- _Given information_:
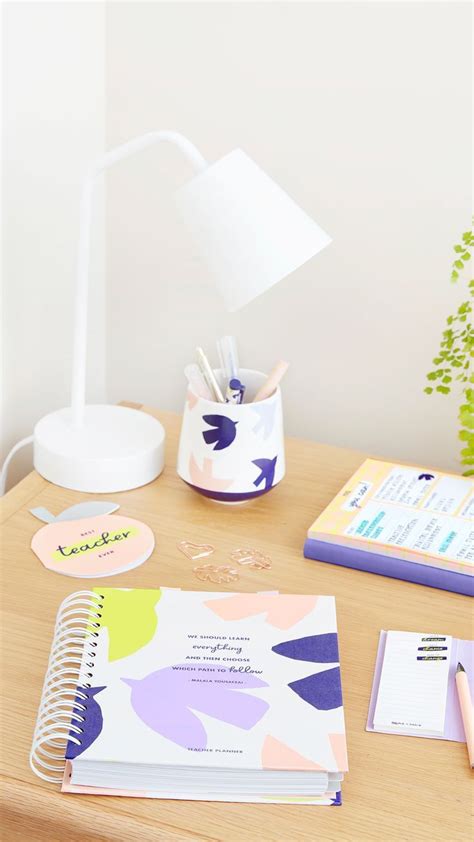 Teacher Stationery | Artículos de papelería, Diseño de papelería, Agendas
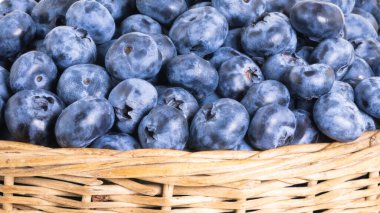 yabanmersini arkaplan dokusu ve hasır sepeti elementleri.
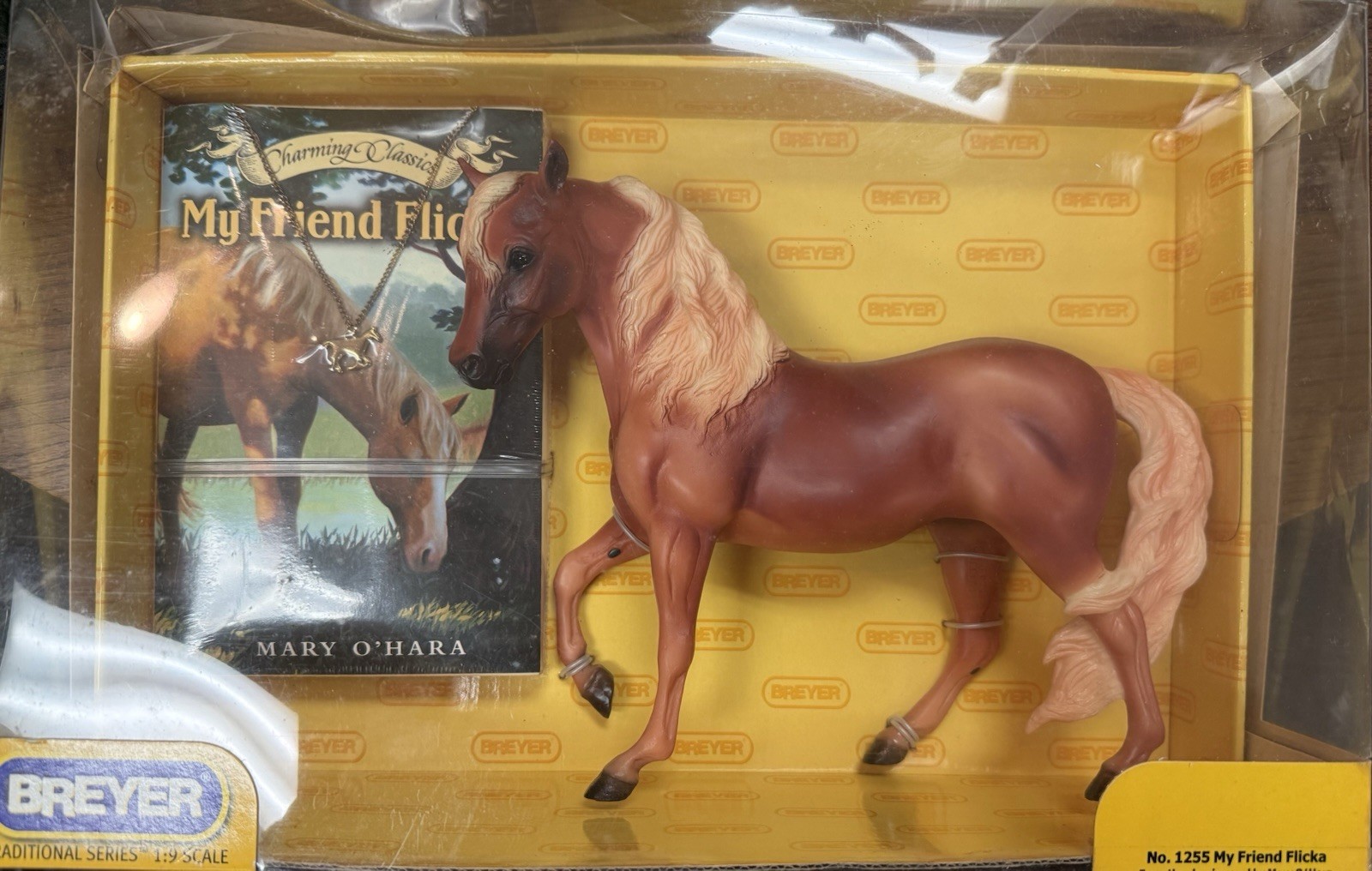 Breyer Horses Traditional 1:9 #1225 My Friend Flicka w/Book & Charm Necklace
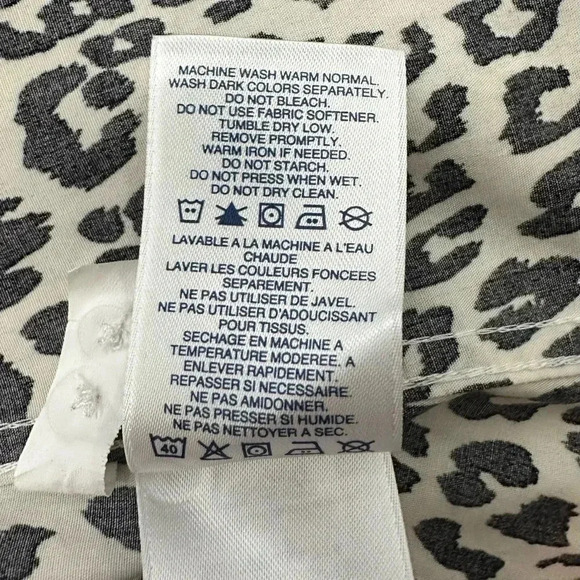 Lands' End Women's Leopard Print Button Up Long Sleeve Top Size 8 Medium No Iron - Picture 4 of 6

==

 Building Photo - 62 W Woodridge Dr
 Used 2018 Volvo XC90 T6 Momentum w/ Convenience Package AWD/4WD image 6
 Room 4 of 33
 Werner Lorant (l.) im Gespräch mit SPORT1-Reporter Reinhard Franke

--

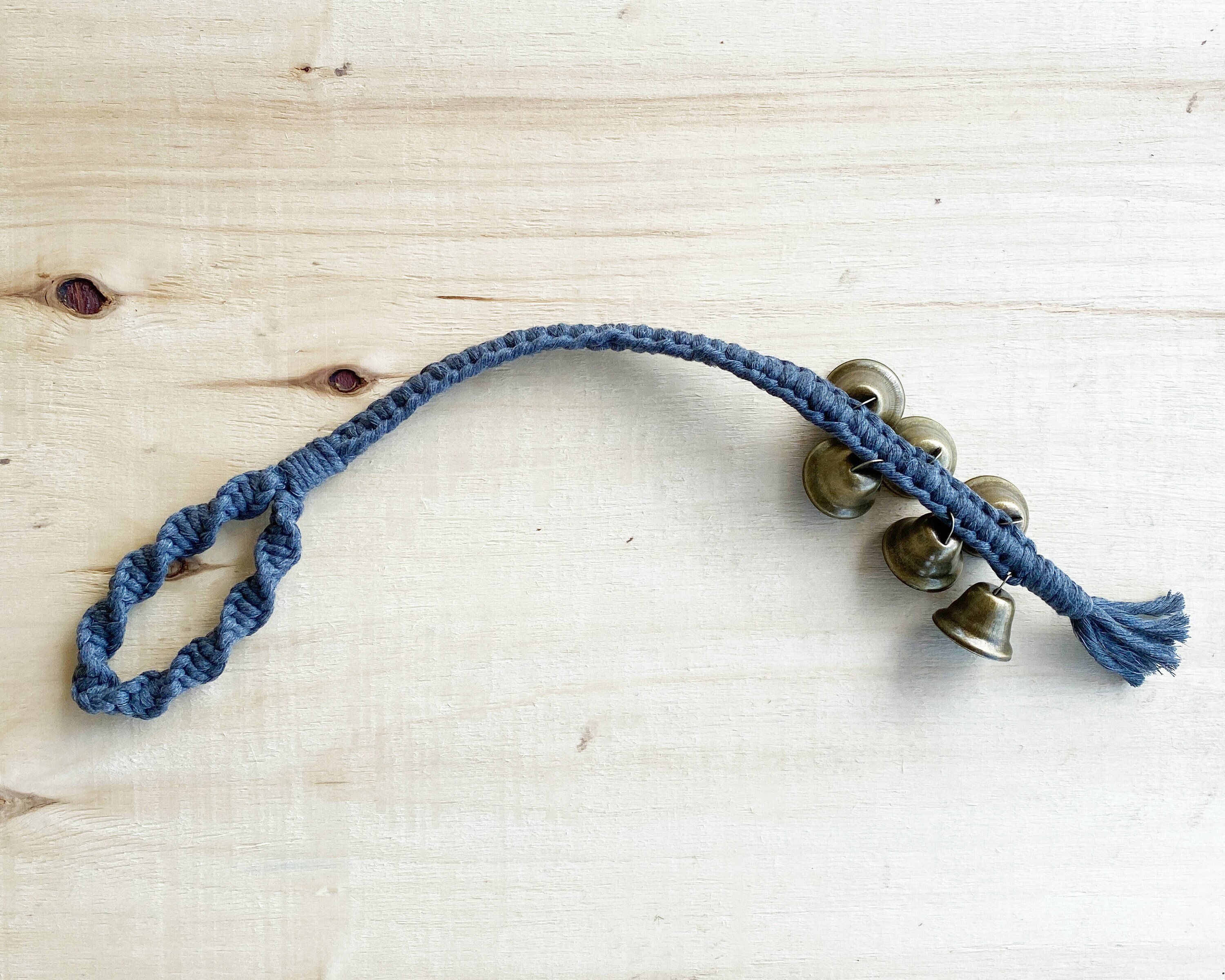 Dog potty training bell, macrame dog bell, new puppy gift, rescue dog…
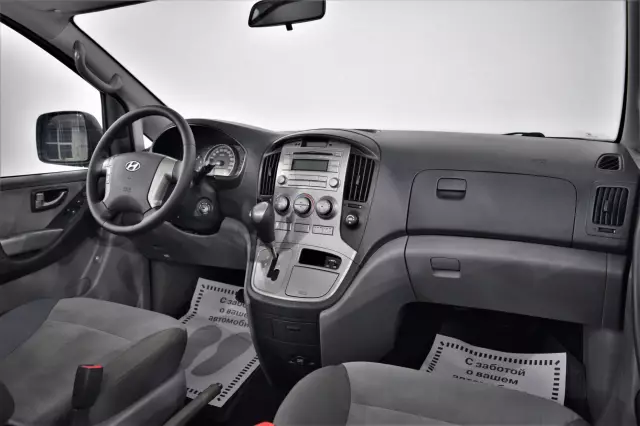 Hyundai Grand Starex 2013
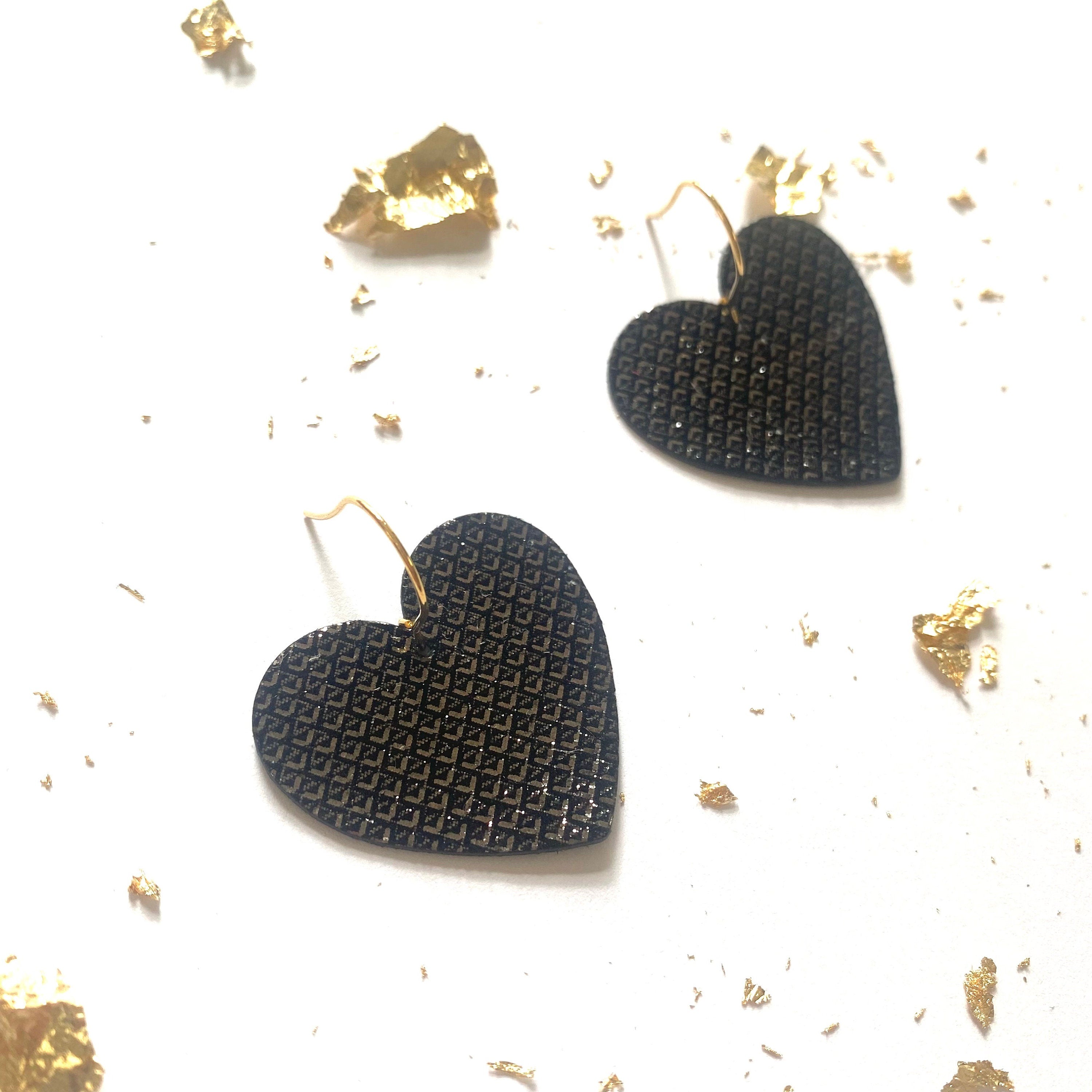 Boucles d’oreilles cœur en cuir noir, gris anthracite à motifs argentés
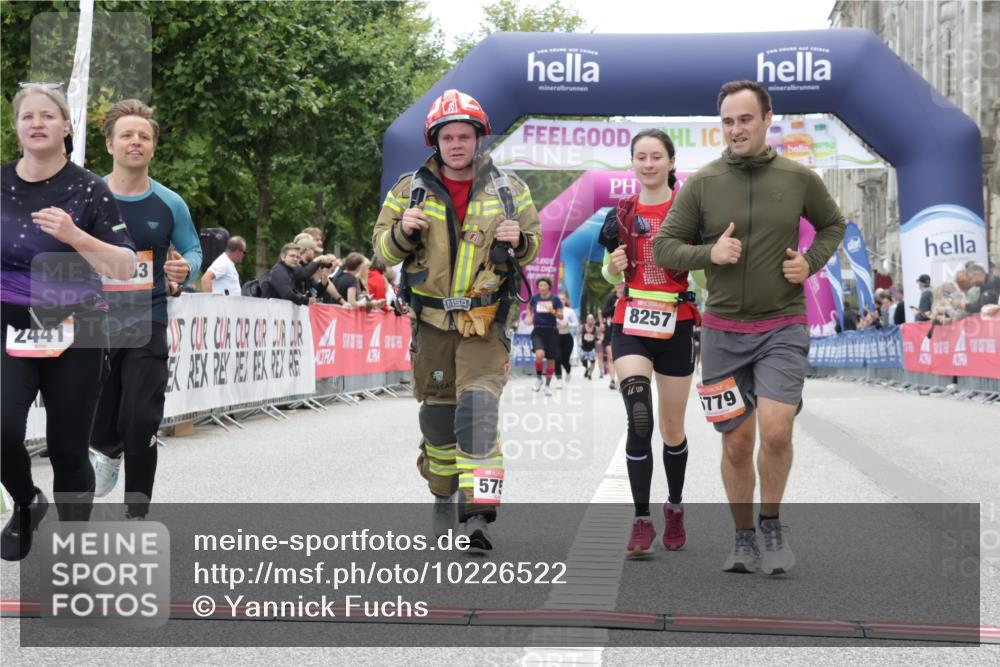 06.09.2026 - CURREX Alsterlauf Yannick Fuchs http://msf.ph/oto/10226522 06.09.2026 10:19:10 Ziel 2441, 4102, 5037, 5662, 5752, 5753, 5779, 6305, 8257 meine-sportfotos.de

- _Work task_:
Here the job is to copy the stretch of records from the line containing "de papelería, Agendas" through the line containing "Lands' End Women's", word for word. Leave every picture out.

- _Output below_:
 Teacher Stationery | Artículos de papelería, Diseño de papelería, Agendas
 yabanmersini arkaplan dokusu ve hasır sepeti elementleri.
 Breyer Horses Traditional 1:9 #1225 My Friend Flicka w/Book & Charm Necklace
 Lands' End Women's Leopard Print Button Up Long Sleeve Top Size 8 Medium No Iron - Picture 4 of 6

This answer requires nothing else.